John Somerville-Hendrie

Personal information
- Full name: John William Somerville-Hendrie
- Born: 22 June 1983 (age 43) Hillingdon, London, England
- Batting: Right-handed
- Bowling: Right-arm medium-fast

Domestic team information
- 2003–2004: Durham UCCE

Career statistics
| Competition | First-class |
| Matches | 4 |
| Runs scored | 31 |
| Batting average | 10.33 |
| 100s/50s | –/– |
| Top score | 23 |
| Balls bowled | 526 |
| Wickets | 8 |
| Bowling average | 44.75 |
| 5 wickets in innings | – |
| 10 wickets in match | – |
| Best bowling | 3/51 |
| Catches/stumpings | –/– |
- Source: Cricinfo, 21 August 2011

= John Somerville-Hendrie =

English cricketer

John William Somerville-Hendrie (born 22 June 1983) is an English cricketer. He is a right-handed batsman who bowls right-arm medium-fast. He was born in Hillingdon, London.
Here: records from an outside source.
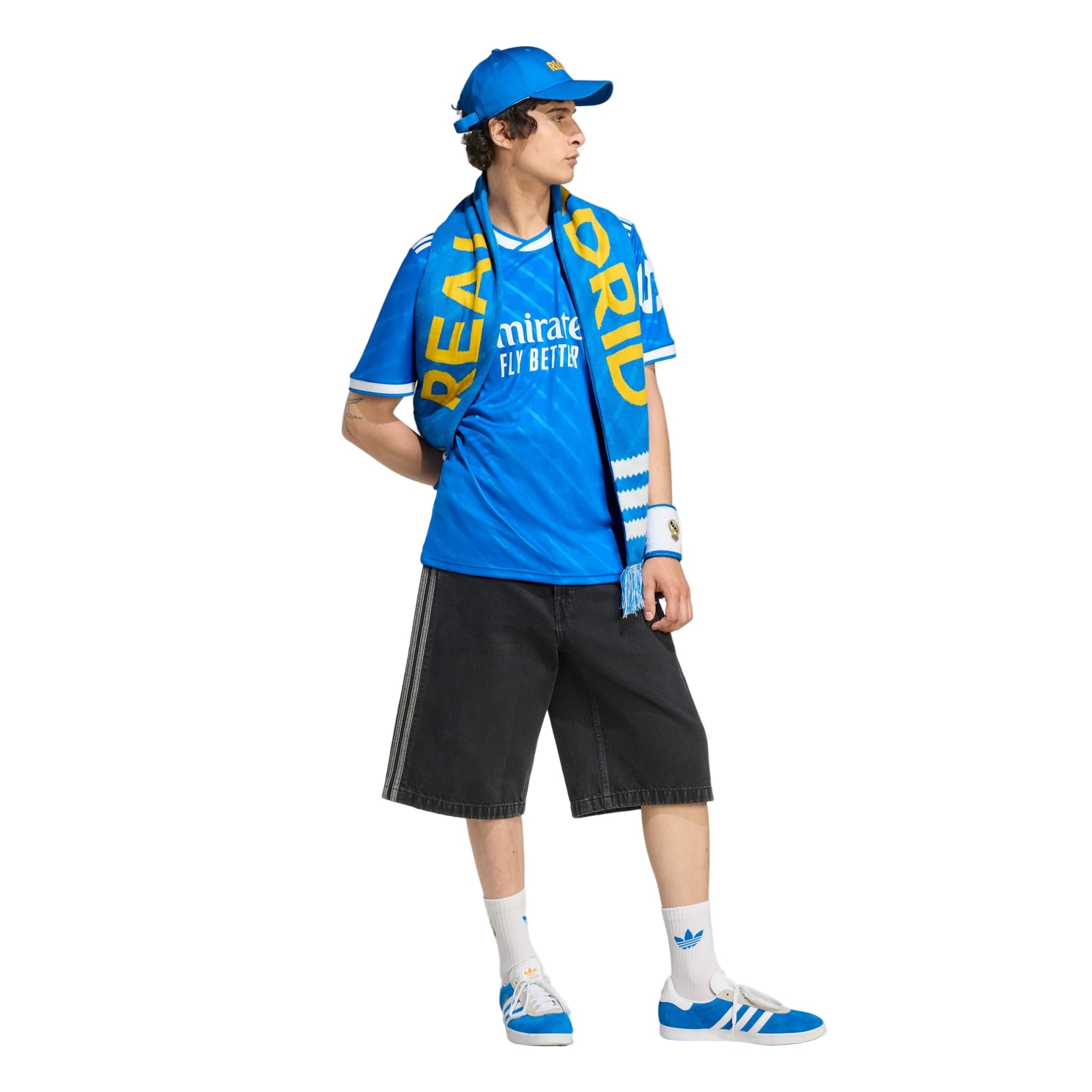 adidas D. Ceballos Men's Real Madrid Third Jersey 25/26 w/ Champions League Patches (Blue/White)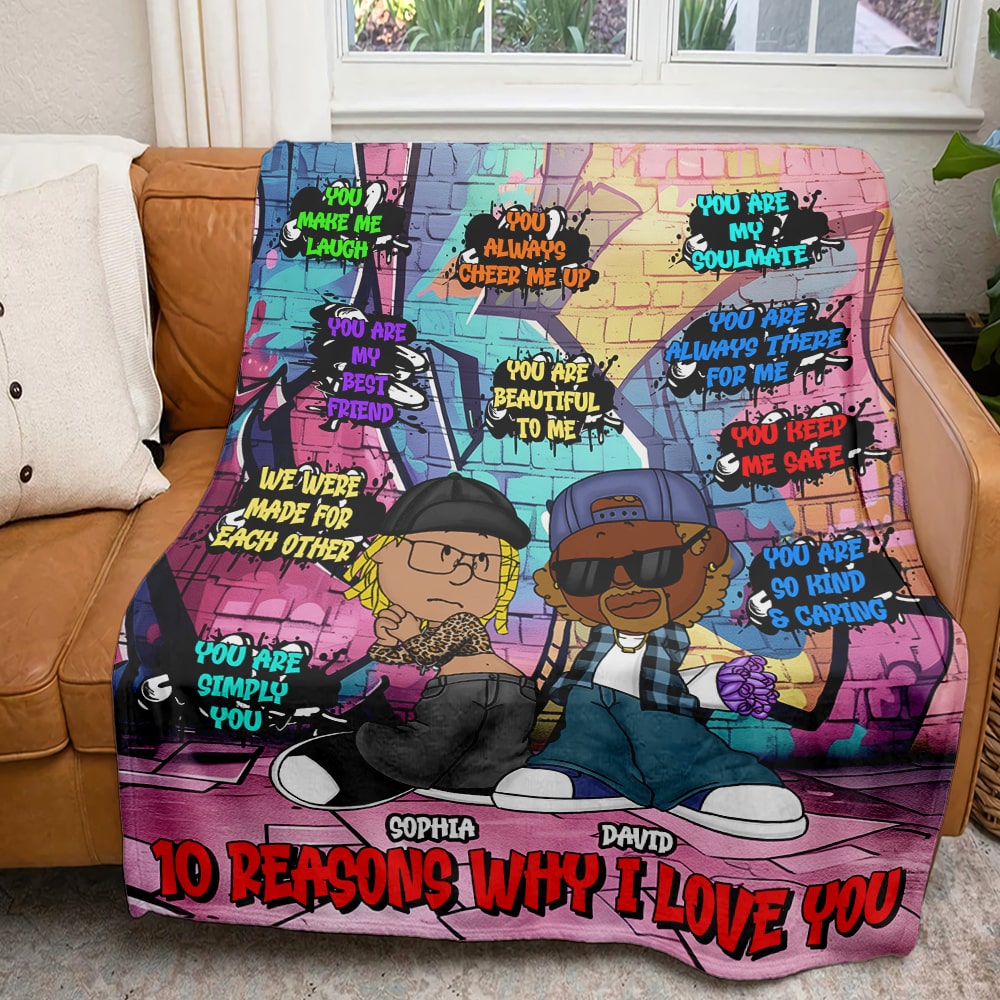 Personalized Couples Blanket - 10 Reasons Why I Love You Blanket PopCulturePrints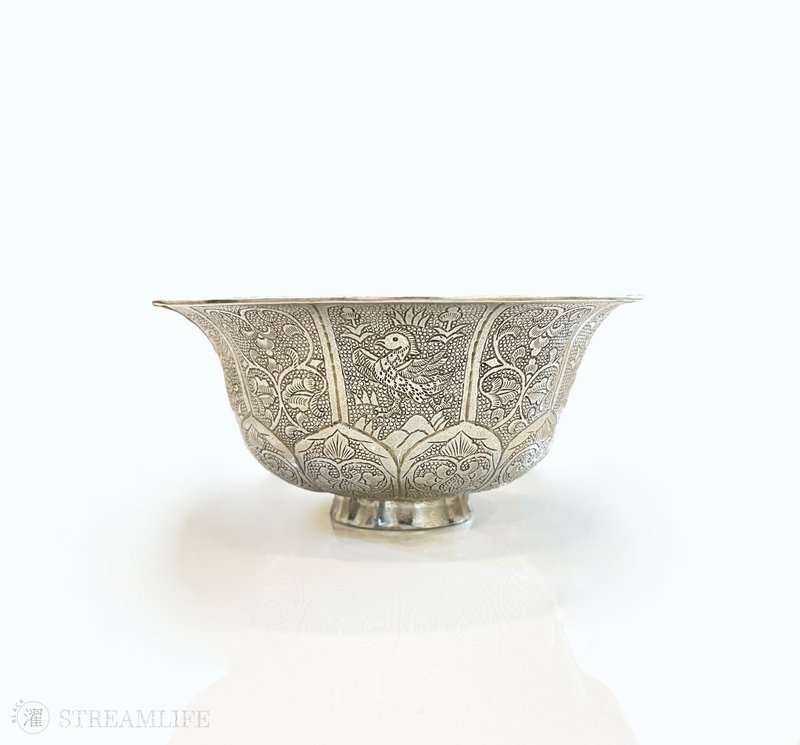 莲瓣花鸟银碗 - 摆饰 - 其他金属 银色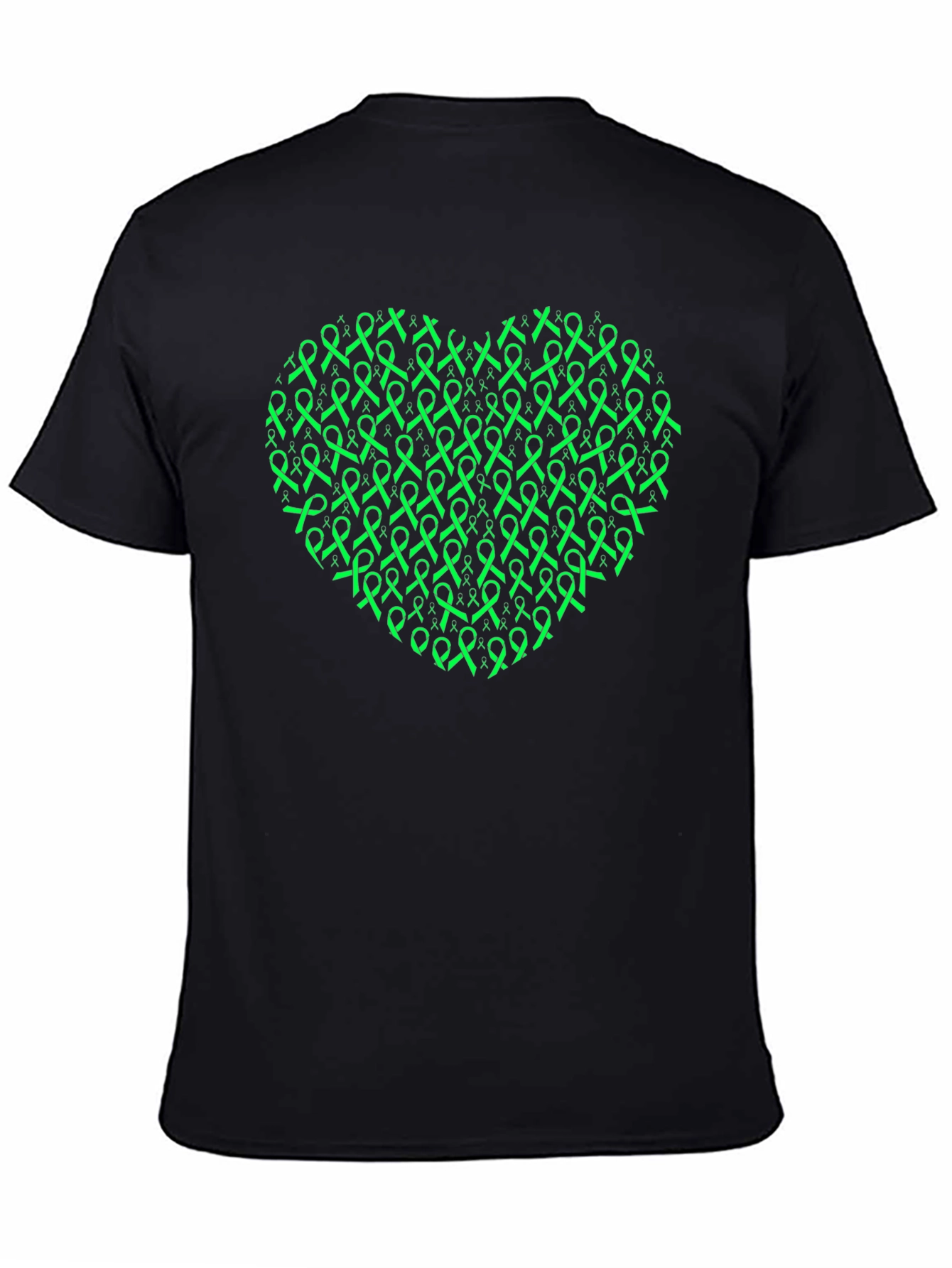 Green Ribbon Heart Graphic T-Shirt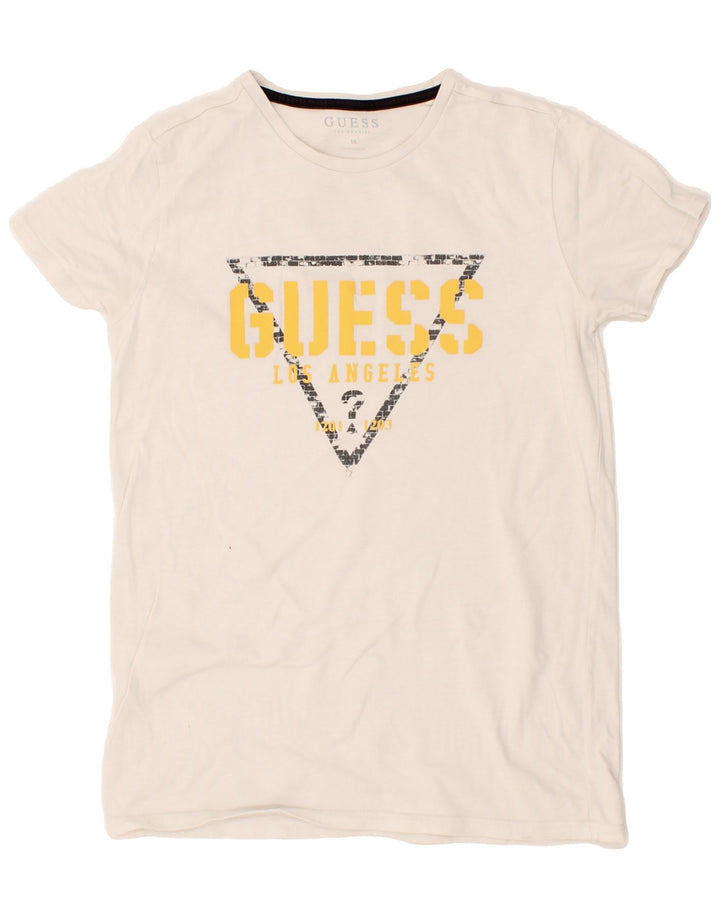 GUESS Boys Graphic T-Shirt Top 15-16 Years White Vintage Guess and Second-Hand Guess from Messina Hembry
While studying for his degree at Durham University, Somerville-Hendrie made his first-class debut for Durham UCCE against Durham in 2003. He made three further first-class appearances for the university, the last of which came against Derbyshire in 2004. In his four first-class matches, he scored 31 runs at an average of 10.33, with a high score of 23. With the ball, he took 8 wickets at a bowling average of 44.75, with best figures of 3/51.